5.2.5. Representative Functional Products: Medicinal Mushrooms
Medicinal mushrooms, including Hericium erinaceus (lion’s mane) and Ganoderma lucidum (reishi), represent a class of food-derived complex natural products with growing evidence for neuroprotective and anti-Alzheimer’s potential. Lion’s mane mushroom has been widely studied for its rich profile of bioactive compounds such as erinacines and hericenones, which have been shown to stimulate the synthesis of NGF and support neurite outgrowth, thereby contributing to neuronal maintenance and cognitive function in vitro and in vivo models of neural injury and neurodegenerative pathology (e.g., NGF promotion and neurite enhancement) [135]. Beyond its neurotrophic effects, Lion’s mane mushroom extract exhibits antioxidant and anti-inflammatory properties.

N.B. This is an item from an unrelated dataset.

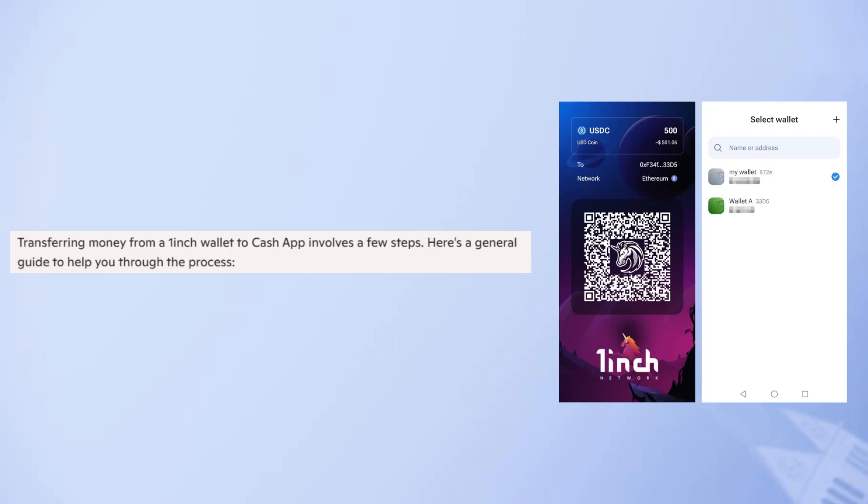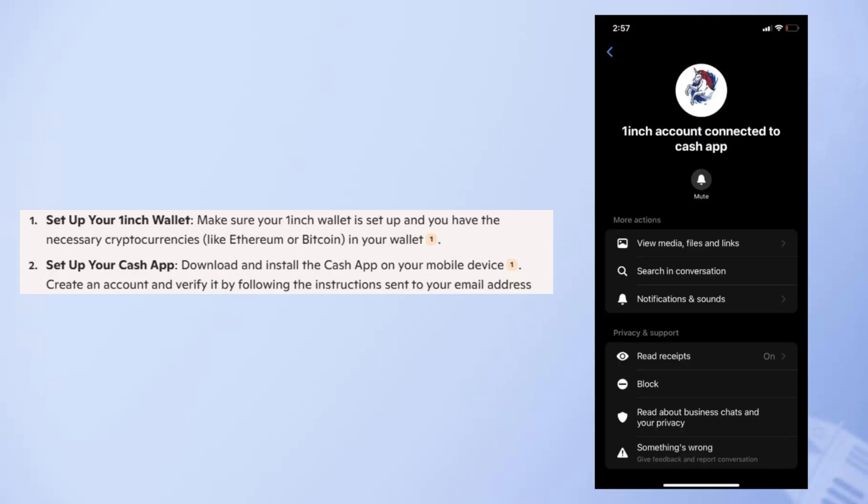Transferring money from a 1inch wallet to Cash App involves a few steps. First, make sure your 1inch wallet is set up and you have the necessary cryptocurrencies, like Ethereum or Bitcoin, in your wallet. Now download and install the Cash App on your mobile device.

It helps mitigate oxidative stress and inflammation by regulating cellular defense pathways and cytokine production [102]. Preclinical studies have also demonstrated that lion’s mane polysaccharide-enriched extracts reduce ROS accumulation, prevent mitochondrial depolarization, and preserve cholinergic system function in AD models, further highlighting their multi-mechanistic neuroprotective capacities [136]. Moreover, emerging review evidence supports the idea that H. erinaceus bioactive constituents act synergistically to regulate neurotrophic, antioxidative, and anti-cytotoxic processes, positioning this mushroom as a functional dietary candidate for cognitive support and age-related neuronal health [137].

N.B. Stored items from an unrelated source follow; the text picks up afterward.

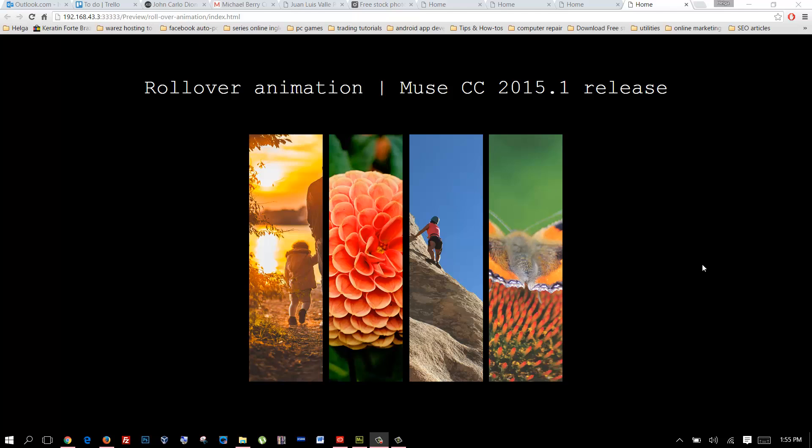Hello, welcome back. Today I'm going to be covering a new tool that's been released in this new update of Muse CC 2015.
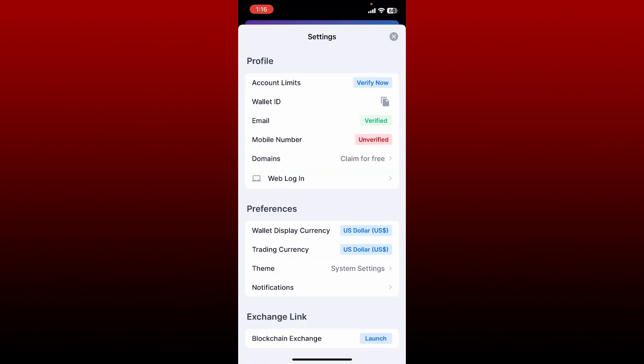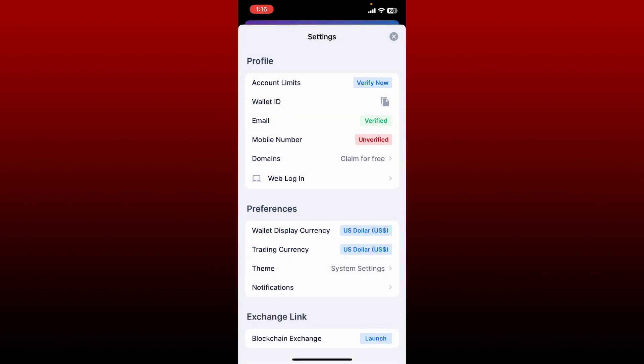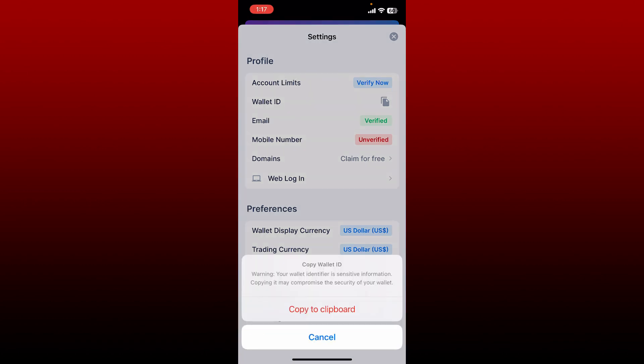In the settings menu, tap on Wallet ID. You can now copy your wallet ID by tapping on the copy button and send it to the recipient you want to share your ID with. But remember that your wallet identifier is sensitive information and copying it may compromise the security of your wallet, so make sure to keep your wallet ID confidential.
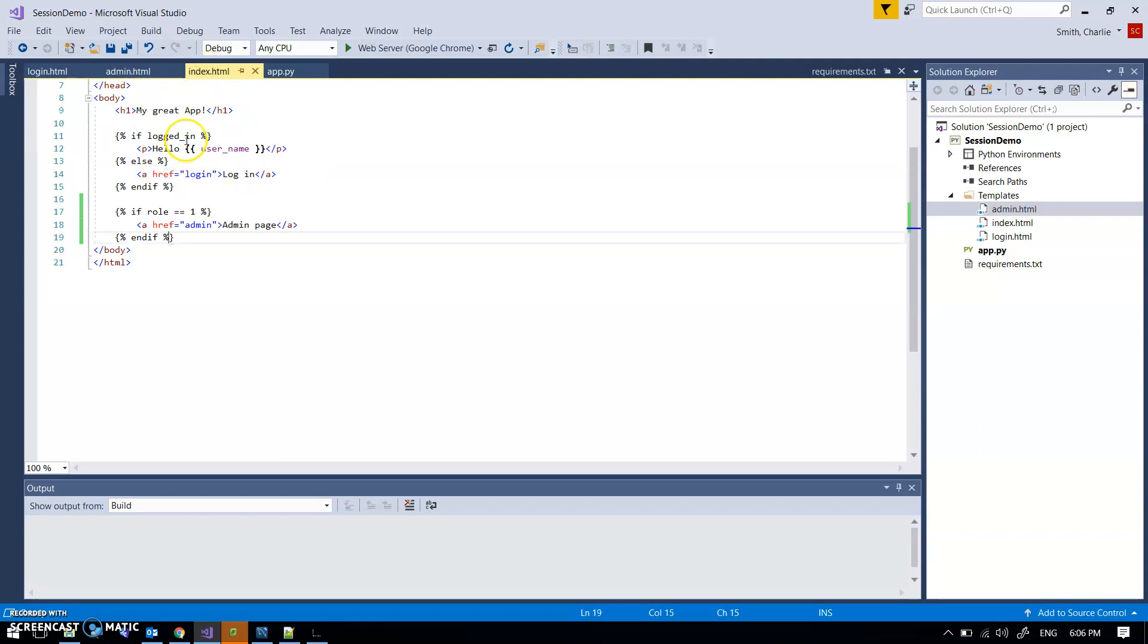Also on the index page, as well as being logged in, I've said if my role is one, give me a link to the admin page.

Reishi mushroom (G. lucidum) and other medicinal fungi exhibit complementary neuroprotective potential through distinct classes of bioactive metabolites, including triterpenoids and polysaccharides, which have been shown to modulate neuroinflammation via pathways such as TLR4/NF-κB and attenuate microglial overactivation associated with neurodegenerative progression [103]. Systematic analyses suggest that multiple medicinal mushroom species (e.g., Hericium, Ganoderma, Cordyceps) may alleviate cognitive impairment in animal models, indicating that mushroom supplementation could contribute to neuronal resilience through diverse mechanisms, including antioxidation, immunomodulation, and regulation of neurotrophic signaling [138]. While clinical evidence remains limited, the cumulative preclinical data provide a strong rationale for further investigation of medicinal mushroom-derived compounds as functional food strategies for supporting cognitive function and mitigating neurodegenerative risk.
5.2.6. Representative Traditional Multi-Component: Ginseng
Ginseng has been widely studied for its neuroprotective potential in the context of AD, with multiple major components, including ginsenosides and gintonin, demonstrating modulation of key pathological processes such as Aβ metabolism, neuroinflammation, oxidative stress, and mitochondrial dysfunction [139]. Ginsenosides, the principal bioactive saponins in Panax ginseng, have been reported to target multiple mechanisms in AD models, including attenuation of Aβ formation, inhibition of tau hyperphosphorylation, and enhancement of neurotrophic signaling [139]. In preclinical studies, isolated ginsenosides (e.g., Rg1) have been shown to improve cognitive performance and reduce amyloid plaque burden in animal models by activating antioxidant and anti-inflammatory pathways, as well as supporting cholinergic system function [140,141]. Mechanistically, ginsenosides exhibit anti-neuroinflammatory effects through inhibition of pro-inflammatory cytokine production and modulation of NF-κB related signaling, which are implicated in AD pathology [140]. Furthermore, several clinical and observational studies suggest that long-term ginseng consumption is associated with cognitive benefits in the elderly, pointing to its potential utility as a preventive dietary strategy for age-related cognitive decline, although findings are still preliminary and warrant further large-scale trials [142].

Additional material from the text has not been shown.